Why should FTDI support chips it didn't make?
They shouldn't have to support chips that they didn't make, but at the same time, they shouldn't brick* chips that they didn't manufacture.
What FTDI really should have done is to set a generic PID for the chip type. That way, the chip would no longer use the FTDI driver, and they wouldn't have to support it.
*I use "brick" in the sense that using their Windows driver to set the PID to 0 makes the chip no longer function in other OSs, either. I am aware that an unbricking procedure is available.
Re:"Reasonable" my ass (Score:4, Insightful)
However, when you find a contract manufacturer and ask them to make 100,000. You require an XYZ, Inc.
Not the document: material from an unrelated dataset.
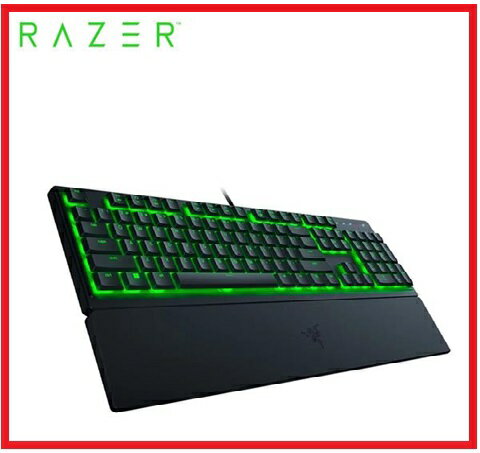 Razer 雷蛇 Ornata V3X 雨林狼蛛V3X 薄膜式RGB鍵盤 RZ03-04471600-R3T1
ABC123 chip and ask the manufacturing contractor to source it. Unbeknown to you, they obtain a counterfeit source. The chip is virtually identical externally, and functionally very similar, so that your product passes validation testing.
You as the device designer and seller may have no idea that you have fake chips on your device. Perhaps, your RMA rate is higher than you expected due to chip failures, or perhaps you are getting a lot of bug reports from the field which are not reproducible on your prototypes, but are on production devices.
This isn't the first time a USB->UART vendor has taken vigilante action against fakes. The vendor Prolific had major problems with low-quality, buggy and slow fake chips, causing major support headaches for customers and themselves. I believe they ended up discontinuing their main product and replacing it with an incompatible version, while poisoning the drivers so that they would BSOD/Kernel panic if they detected a fake chip.